Consider the difference over 10 years for a single $8,000 contribution, assuming a 4% annual return and a 25% marginal tax rate.
- FHSA Strategy $8,000 invested in FHSA + $2,000 tax refund invested in a taxable account.
- Non-Registered $8,000 invested in a taxable account.
| Year | FHSA Value (Tax-Free) | Refund Value (Taxed) | Total FHSA Strategy | Non-Reg Value (Taxed) | Difference |
|---|---|---|---|---|---|
| 0 | $8,000 | $2,000 | $10,000 | $8,000 | +$2,000 |
| 1 | $8,320 | $2,060 | $10,380 | $8,240 | +$2,140 |
| 2 | $8,653 | $2,122 | $10,775 | $8,487 | +$2,288 |
| 3 | $8,999 | $2,185 | $11,184 | $8,742 | +$2,442 |
| 4 | $9,359 | $2,251 | $11,610 | $9,004 | +$2,606 |
| 5 | $9,733 | $2,319 | $12,052 | $9,274 | +$2,778 |
| 6 | $10,123 | $2,388 | $12,511 | $9,552 | +$2,959 |
| 7 | $10,528 | $2,460 | $12,988 | $9,839 | +$3,149 |
| 8 | $10,949 | $2,534 | $13,483 | $10,134 | +$3,349 |
| 9 | $11,387 | $2,610 | $13,997 | $10,438 | +$3,559 |
| 10 | $11,842 | $2,688 | $14,530 | $10,751 | +$3,779 |
Note: The “Taxed” accounts assume a 4% gross return reduced by a 25% tax rate, resulting in a 3% net return.
By using the FHSA, an investor ends up with 35% more wealth after just 10 years. This gap continues to widen every year the funds remain invested.
This advantage comes from:
- Compound Growth on the Deduction The $2,000 tax refund is invested and grows on its own.
- Tax-Free Growth The $8,000 inside the FHSA compounds without being dragged down by taxes.
The longer the money stays in the account (up to the 15-year limit), the larger this gap becomes.
Investment Flexibility: It’s Not Just a Savings Account
Despite the name, the First Home Savings Account is a fully capable investment vehicle. Investors aren’t limited to earning simple interest. Like an RRSP or TFSA, an FHSA can hold a wide range of qualified investments, including:
- GICs (Guaranteed Investment Certificates) For those seeking guaranteed principal and steady growth.
- ETFs (Exchange-Traded Funds) and Mutual Funds For broad market exposure and higher potential returns over the long term.
- Stocks and Bonds For building a custom portfolio tailored to a specific risk tolerance.
This flexibility means investors can pursue significant growth within the tax shelter, rather than letting their down payment stagnate in a low-interest account.
What If the Home Purchase is More Than 15 Years Away?
Since the FHSA has a maximum lifespan of 15 years, investors planning for a purchase further in the future might worry about “timing out.” However, there is a seamless strategy for this scenario.

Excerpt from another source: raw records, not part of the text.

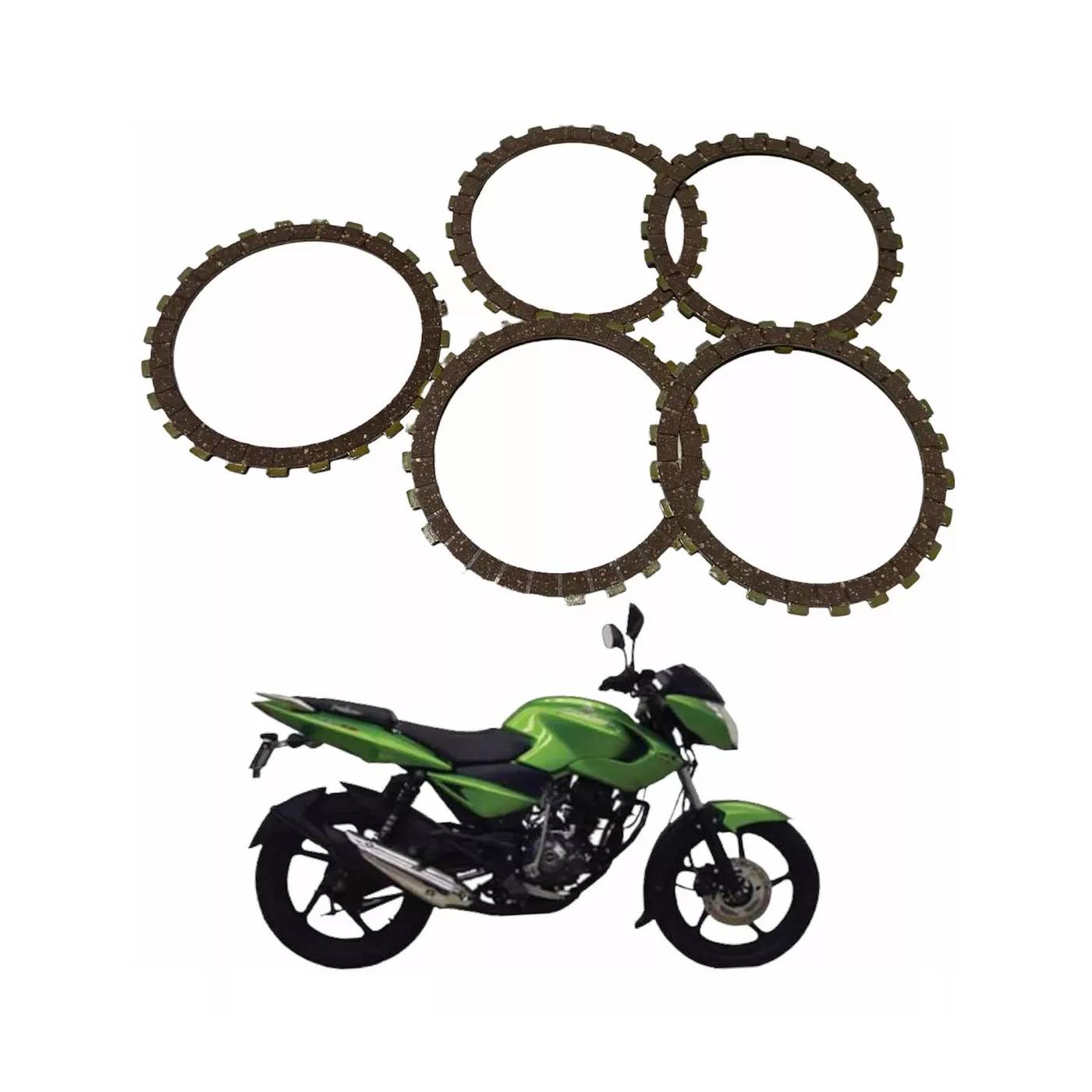 Disco Clutch Bajan Pulsar 135 5 Disco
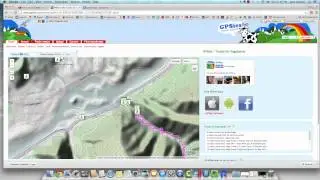 GPSies Tutorial   Free GPS Tracks
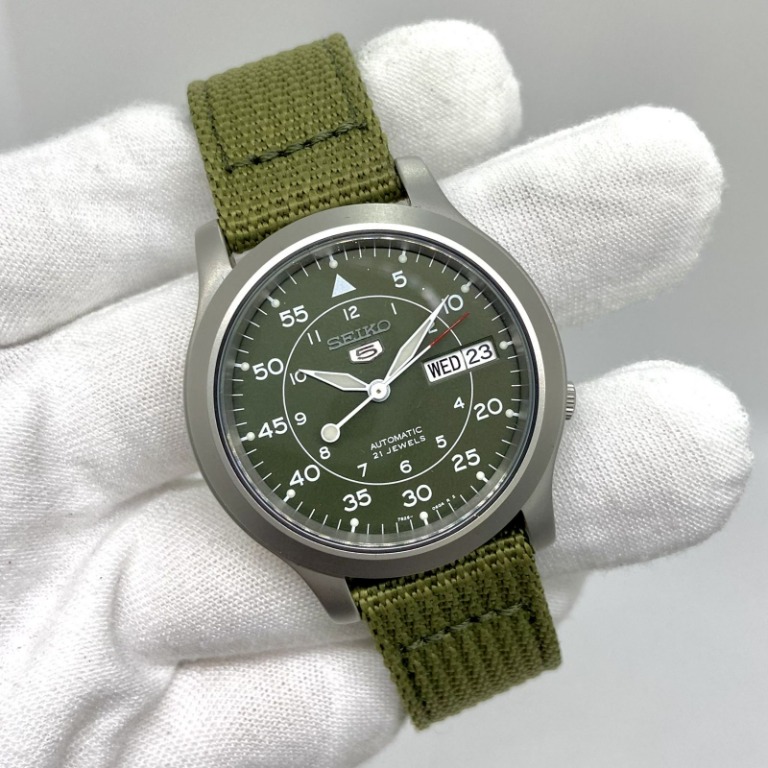 Seiko store military 7s26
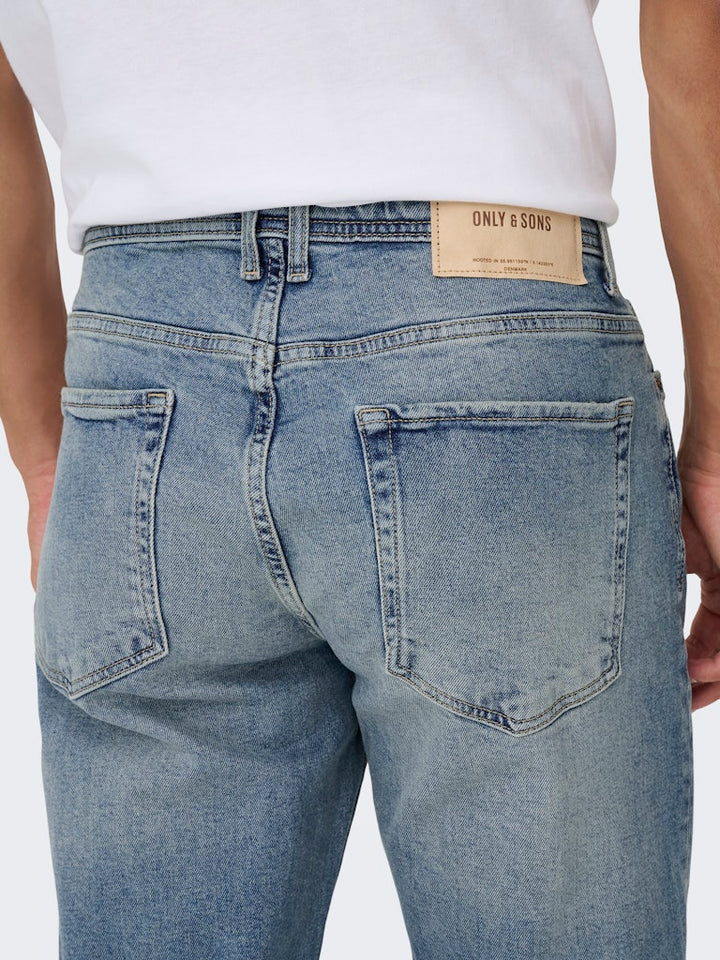Onsedge Performance Lb 3816 Dot Dnm - Blue Denim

If the 15-year deadline arrives before a home is purchased, the funds can be transferred directly to an RRSP on a tax-deferred basis. This transfer does not require RRSP contribution room.
Once the money is in the RRSP, it can continue to grow tax-deferred. When the investor is ready to buy a home (even decades later), they can access these funds using the Home Buyers’ Plan (HBP).
- Step 1 Maximize FHSA for 15 years.
- Step 2 Transfer to RRSP before the account expires (preserving the tax shelter).
- Step 3 Withdraw up to $60,000 tax-free under the HBP rules when purchasing.
Note Unlike FHSA qualifying withdrawals, HBP funds must be repaid to the RRSP over 15 years. Any missed repayments are added to taxable income for that year.
This makes the FHSA valuable even for young adults or those with uncertain timelines.
Conclusion
The FHSA is a “use it or lose it” opportunity for tax sheltering. Because the $40,000 lifetime limit takes five years to accumulate and accounts must close within 15 years of opening, the cost of waiting is high. Even if homeownership seems distant, opening an FHSA and making contributions—even small ones—allows investors to secure tax advantages that they cannot reclaim later.
Investors should treat the FHSA as a long-term component of their financial strategy. Opening the account starts the clock and lets the benefits compound.